Task details: A verbatim repeat of the lines below is required, with the pictures removed.

Input data:
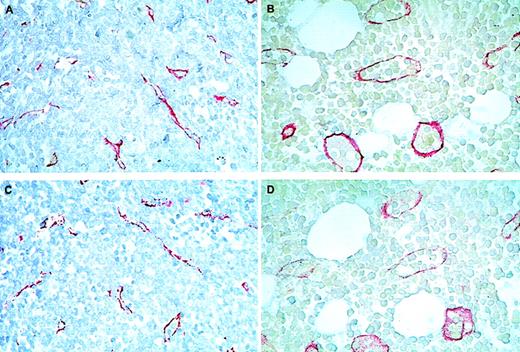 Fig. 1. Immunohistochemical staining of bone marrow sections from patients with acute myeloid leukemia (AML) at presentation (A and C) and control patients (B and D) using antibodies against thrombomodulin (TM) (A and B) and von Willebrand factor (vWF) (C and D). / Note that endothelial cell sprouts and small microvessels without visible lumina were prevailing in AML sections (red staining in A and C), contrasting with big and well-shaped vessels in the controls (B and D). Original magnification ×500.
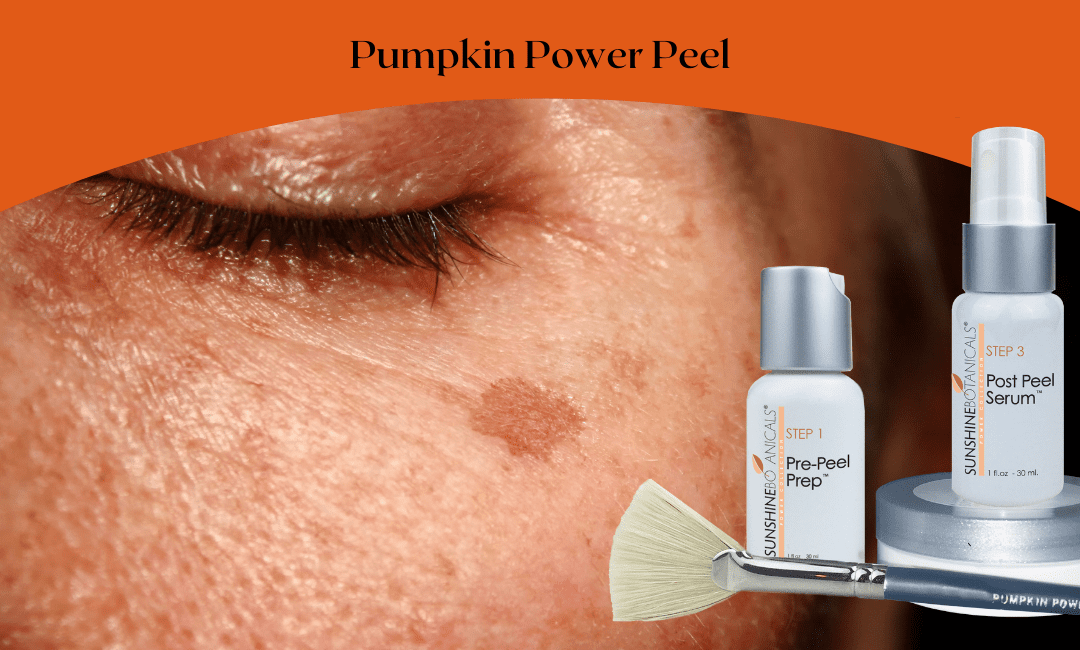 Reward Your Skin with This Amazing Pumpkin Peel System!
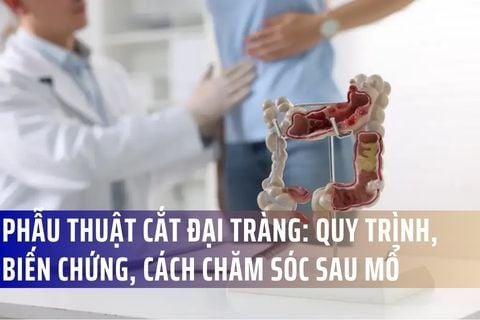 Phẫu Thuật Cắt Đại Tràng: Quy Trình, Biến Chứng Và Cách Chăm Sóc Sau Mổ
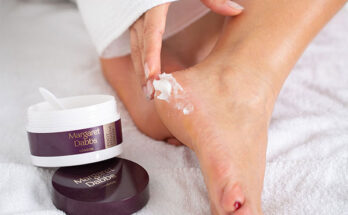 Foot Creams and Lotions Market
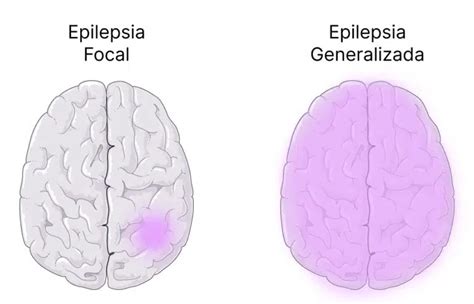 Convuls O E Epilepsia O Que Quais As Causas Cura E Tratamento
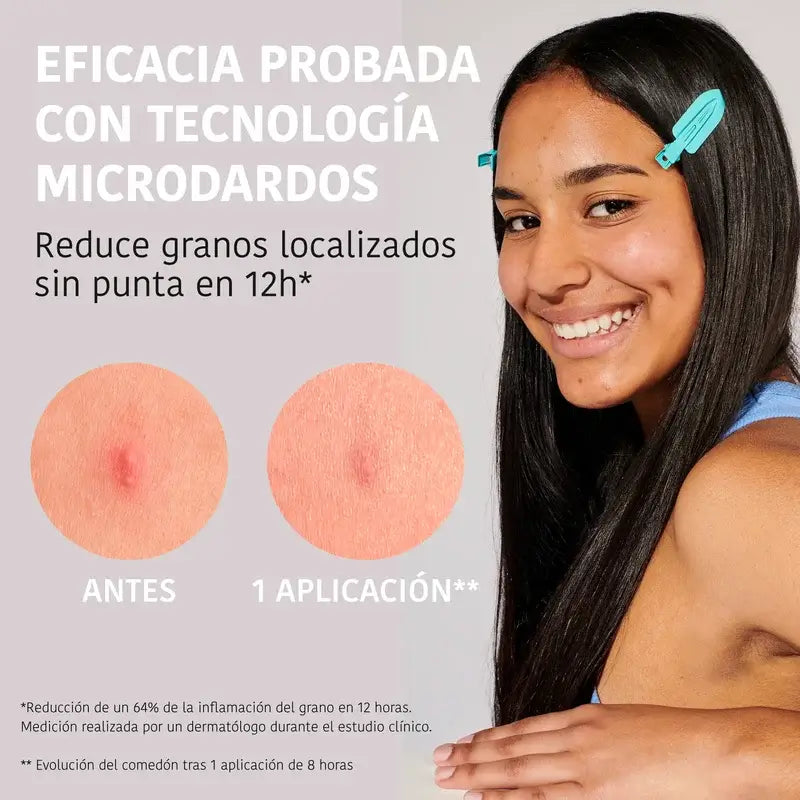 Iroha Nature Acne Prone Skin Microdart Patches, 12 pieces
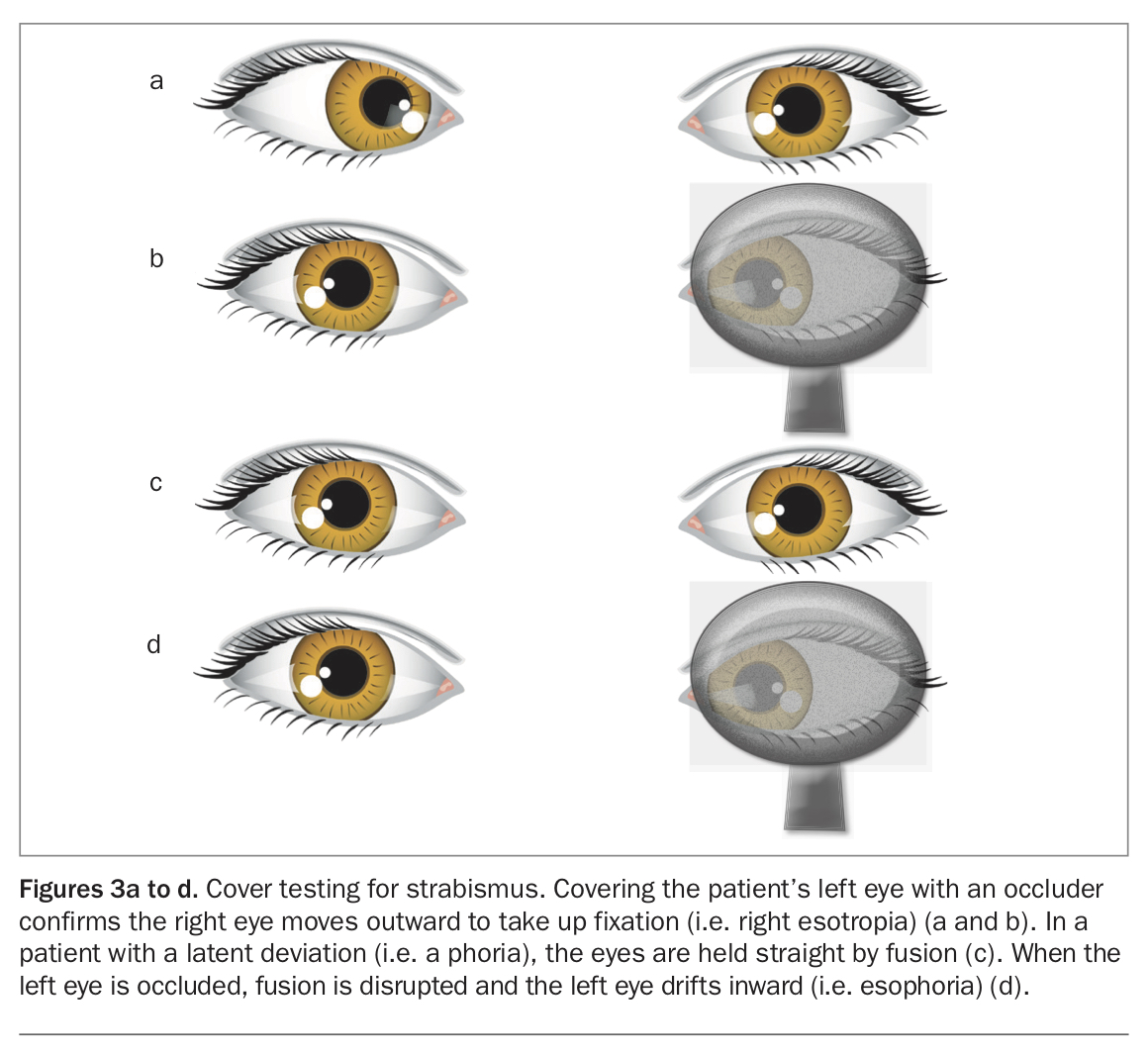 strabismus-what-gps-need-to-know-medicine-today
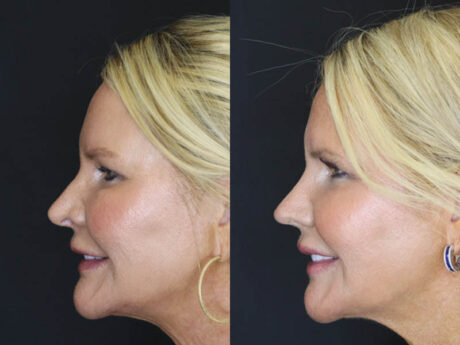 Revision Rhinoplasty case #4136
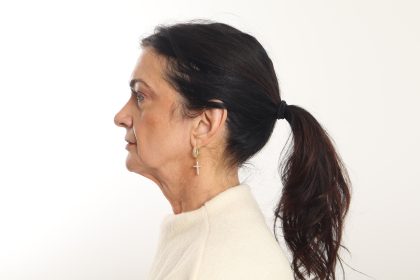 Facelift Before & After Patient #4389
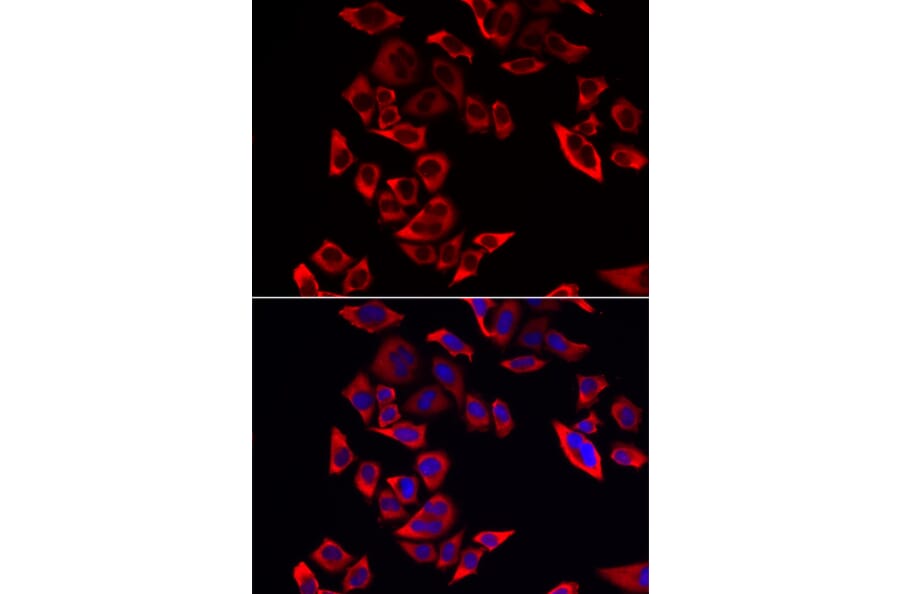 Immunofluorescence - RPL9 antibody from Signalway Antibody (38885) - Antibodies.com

Task result:
 Fig. 1. Immunohistochemical staining of bone marrow sections from patients with acute myeloid leukemia (AML) at presentation (A and C) and control patients (B and D) using antibodies against thrombomodulin (TM) (A and B) and von Willebrand factor (vWF) (C and D). / Note that endothelial cell sprouts and small microvessels without visible lumina were prevailing in AML sections (red staining in A and C), contrasting with big and well-shaped vessels in the controls (B and D). Original magnification ×500.
 Reward Your Skin with This Amazing Pumpkin Peel System!
 Phẫu Thuật Cắt Đại Tràng: Quy Trình, Biến Chứng Và Cách Chăm Sóc Sau Mổ
 Foot Creams and Lotions Market
 Convuls O E Epilepsia O Que Quais As Causas Cura E Tratamento
 Iroha Nature Acne Prone Skin Microdart Patches, 12 pieces
 strabismus-what-gps-need-to-know-medicine-today
 Revision Rhinoplasty case #4136
 Facelift Before & After Patient #4389
 Immunofluorescence - RPL9 antibody from Signalway Antibody (38885) - Antibodies.com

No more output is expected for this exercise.